The businesspeople added: “This is about survival. For many businesses, even a modest rise means slashing staff, cutting hours, raising prices, or closing altogether.
“We’re asking for fairness and common sense. Please carry out an urgent review of the impact of the business rates revaluation on small businesses and put proper mitigation in place.
“If our businesses go, they will not come back.”
Mr Lowe said: “The scale of the response speaks for itself. Over 5,500 businesses, and the number continues to grow.
“Viable, hard-working firms that have been ground down year after year and are now being pushed too far.

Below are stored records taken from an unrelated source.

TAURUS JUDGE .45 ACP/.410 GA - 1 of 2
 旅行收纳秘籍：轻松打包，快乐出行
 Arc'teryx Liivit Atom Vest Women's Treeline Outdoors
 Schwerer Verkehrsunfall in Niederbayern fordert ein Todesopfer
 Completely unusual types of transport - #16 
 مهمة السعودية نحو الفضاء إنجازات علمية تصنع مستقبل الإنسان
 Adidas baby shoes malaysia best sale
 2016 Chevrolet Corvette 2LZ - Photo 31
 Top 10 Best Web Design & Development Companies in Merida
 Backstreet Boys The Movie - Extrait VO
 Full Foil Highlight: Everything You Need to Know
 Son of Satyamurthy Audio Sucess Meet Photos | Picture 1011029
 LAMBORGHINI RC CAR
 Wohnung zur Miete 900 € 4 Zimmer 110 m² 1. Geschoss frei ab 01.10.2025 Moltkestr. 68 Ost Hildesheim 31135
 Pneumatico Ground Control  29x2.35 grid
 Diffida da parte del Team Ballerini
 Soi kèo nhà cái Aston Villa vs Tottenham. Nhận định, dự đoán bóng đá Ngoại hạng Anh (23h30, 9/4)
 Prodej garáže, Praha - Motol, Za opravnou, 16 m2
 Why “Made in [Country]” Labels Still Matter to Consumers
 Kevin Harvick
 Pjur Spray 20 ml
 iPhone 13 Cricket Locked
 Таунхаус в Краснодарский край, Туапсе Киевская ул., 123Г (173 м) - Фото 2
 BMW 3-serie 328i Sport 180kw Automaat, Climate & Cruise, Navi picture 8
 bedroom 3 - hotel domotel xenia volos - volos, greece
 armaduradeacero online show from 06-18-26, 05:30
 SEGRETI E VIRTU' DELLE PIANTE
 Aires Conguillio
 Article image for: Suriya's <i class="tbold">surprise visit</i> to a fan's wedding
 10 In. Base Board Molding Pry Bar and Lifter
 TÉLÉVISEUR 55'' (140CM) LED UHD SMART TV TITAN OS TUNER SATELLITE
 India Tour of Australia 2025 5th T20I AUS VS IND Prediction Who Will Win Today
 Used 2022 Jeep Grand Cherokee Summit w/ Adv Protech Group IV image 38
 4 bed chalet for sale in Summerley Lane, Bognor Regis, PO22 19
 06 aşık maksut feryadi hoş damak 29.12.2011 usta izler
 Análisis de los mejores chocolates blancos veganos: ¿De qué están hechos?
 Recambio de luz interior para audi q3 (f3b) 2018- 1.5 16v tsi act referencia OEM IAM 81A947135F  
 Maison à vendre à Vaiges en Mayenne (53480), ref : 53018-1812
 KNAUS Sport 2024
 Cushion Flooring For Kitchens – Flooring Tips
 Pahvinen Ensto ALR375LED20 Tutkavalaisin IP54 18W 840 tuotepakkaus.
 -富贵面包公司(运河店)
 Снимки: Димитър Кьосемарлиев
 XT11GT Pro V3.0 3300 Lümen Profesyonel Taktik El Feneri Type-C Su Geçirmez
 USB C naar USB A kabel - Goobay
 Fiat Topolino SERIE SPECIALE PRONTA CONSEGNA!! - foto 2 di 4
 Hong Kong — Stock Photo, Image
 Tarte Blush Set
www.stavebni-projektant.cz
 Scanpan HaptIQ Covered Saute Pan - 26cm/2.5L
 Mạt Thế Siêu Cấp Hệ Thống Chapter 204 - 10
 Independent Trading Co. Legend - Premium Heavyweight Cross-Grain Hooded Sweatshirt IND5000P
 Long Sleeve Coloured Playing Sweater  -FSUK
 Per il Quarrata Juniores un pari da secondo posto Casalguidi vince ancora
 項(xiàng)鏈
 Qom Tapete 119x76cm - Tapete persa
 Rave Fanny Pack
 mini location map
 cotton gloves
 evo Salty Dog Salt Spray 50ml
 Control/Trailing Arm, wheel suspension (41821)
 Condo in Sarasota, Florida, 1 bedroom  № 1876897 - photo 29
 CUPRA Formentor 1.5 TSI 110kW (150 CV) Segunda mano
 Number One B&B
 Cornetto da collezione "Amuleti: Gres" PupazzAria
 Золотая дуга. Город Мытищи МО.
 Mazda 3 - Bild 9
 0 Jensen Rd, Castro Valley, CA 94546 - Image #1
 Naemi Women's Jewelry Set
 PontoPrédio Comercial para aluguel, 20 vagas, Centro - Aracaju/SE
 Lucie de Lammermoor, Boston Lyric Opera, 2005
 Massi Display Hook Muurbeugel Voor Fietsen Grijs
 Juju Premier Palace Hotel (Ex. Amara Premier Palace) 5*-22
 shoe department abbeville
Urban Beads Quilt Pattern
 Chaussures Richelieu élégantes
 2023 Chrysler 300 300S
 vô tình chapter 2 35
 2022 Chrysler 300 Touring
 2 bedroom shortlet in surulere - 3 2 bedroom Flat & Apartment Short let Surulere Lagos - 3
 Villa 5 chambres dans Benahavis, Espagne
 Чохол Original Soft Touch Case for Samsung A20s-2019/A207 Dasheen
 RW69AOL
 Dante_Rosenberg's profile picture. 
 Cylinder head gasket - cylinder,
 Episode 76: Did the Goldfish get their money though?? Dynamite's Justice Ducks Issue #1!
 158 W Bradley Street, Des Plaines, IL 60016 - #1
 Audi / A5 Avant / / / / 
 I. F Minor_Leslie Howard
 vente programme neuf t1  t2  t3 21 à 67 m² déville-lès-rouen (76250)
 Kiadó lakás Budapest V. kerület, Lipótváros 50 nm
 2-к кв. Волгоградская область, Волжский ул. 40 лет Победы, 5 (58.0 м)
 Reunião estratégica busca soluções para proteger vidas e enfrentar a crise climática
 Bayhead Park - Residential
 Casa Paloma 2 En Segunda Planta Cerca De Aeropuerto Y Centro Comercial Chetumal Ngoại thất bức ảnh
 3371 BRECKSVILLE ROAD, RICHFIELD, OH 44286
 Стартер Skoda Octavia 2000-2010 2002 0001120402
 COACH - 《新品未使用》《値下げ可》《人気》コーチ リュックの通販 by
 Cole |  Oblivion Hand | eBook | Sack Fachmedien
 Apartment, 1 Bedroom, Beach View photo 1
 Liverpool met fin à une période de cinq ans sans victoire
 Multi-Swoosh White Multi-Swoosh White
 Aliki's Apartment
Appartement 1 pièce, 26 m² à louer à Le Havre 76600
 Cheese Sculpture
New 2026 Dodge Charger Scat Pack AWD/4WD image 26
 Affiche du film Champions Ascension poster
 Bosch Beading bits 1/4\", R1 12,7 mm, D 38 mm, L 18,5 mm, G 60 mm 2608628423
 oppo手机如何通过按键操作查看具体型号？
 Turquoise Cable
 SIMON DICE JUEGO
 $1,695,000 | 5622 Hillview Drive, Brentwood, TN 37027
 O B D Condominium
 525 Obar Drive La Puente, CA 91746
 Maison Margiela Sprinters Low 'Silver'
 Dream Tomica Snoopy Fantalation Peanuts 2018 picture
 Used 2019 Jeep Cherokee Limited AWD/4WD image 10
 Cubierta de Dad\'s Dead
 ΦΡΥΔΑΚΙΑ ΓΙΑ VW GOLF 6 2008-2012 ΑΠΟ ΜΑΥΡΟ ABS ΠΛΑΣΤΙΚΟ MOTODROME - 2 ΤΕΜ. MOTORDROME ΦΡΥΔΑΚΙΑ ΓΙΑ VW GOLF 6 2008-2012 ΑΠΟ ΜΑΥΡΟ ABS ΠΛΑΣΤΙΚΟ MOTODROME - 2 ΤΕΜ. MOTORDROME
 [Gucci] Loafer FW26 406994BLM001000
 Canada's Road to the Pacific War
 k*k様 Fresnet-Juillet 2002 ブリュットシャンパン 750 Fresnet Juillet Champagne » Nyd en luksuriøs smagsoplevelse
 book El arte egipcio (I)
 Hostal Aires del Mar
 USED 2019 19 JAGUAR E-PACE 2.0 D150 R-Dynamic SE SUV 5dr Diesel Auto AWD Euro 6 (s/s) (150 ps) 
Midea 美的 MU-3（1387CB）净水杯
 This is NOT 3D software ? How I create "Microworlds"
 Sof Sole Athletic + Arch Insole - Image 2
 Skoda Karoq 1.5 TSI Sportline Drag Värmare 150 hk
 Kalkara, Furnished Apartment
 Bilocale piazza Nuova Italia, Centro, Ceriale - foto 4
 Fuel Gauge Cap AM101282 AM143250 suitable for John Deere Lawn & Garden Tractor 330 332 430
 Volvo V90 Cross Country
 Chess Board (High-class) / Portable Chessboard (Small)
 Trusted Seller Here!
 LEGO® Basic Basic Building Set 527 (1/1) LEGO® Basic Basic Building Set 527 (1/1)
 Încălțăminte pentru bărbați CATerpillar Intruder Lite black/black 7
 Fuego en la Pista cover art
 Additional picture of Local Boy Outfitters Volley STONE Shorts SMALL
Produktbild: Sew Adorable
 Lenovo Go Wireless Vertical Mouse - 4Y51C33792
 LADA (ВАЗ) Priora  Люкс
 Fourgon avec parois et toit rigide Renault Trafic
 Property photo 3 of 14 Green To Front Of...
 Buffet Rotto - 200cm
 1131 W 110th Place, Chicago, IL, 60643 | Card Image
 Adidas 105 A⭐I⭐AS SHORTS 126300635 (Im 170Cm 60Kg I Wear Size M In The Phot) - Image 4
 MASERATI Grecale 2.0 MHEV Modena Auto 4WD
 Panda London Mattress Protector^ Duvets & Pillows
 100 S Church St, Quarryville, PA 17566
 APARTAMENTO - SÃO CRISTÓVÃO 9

“Business rates punish physical presence. They punish community businesses. And unless the Chancellor acts quickly, we will see permanent closures on high streets across the country.”
He added in a punchy warning: “It will be apocalyptic, I promise you that.”
It comes as it was reported yesterday that the Treasury is understood to be preparing a support package for the pub industry, due to be announced in the coming days, following an outcry over the impact of a major hike in business rates.
The move is the latest in a series of U-turns from the Government, which has also backed down on major welfare reforms due to pressure from backbenchers, and has partially scaled back inheritance tax on farms following lobbying by the sector.
Asked by Sky News why the Government kept making U-turns, Anna Turley, chairwoman of the Labour Party, said: “I don’t buy this is a U-turn. This is actually about listening.
“I think it’s a sign of a Government that is actually in touch with people, that is listening to people, and that is responding.”